Data extract:
*** Block opens ***

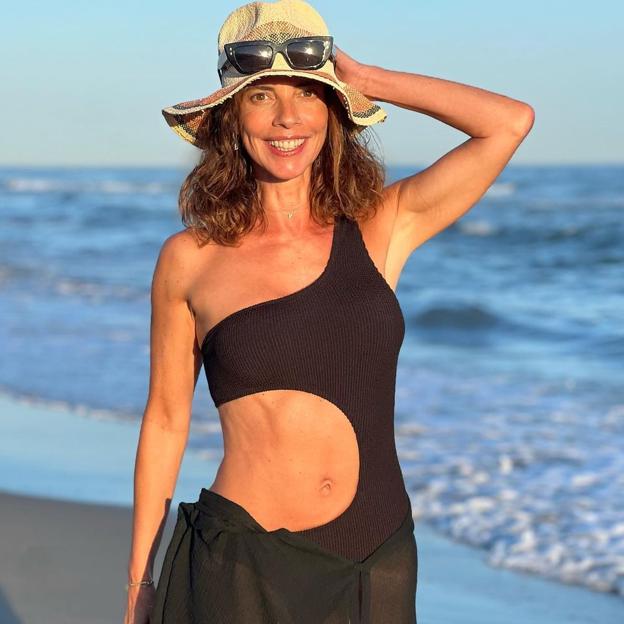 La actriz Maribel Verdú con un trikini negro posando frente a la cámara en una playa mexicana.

*** Block closes ***
*** Block opens ***

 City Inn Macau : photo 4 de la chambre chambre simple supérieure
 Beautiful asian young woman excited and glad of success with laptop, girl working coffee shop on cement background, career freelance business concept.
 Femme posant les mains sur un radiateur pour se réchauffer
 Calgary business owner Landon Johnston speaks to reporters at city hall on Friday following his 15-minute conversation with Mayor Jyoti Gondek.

*** Block closes ***

The lines above from the one containing "Femme posant les" through the one containing "Calgary business owner" are to be set down exactly, and no others.

Task result:
 Femme posant les mains sur un radiateur pour se réchauffer
 Calgary business owner Landon Johnston speaks to reporters at city hall on Friday following his 15-minute conversation with Mayor Jyoti Gondek.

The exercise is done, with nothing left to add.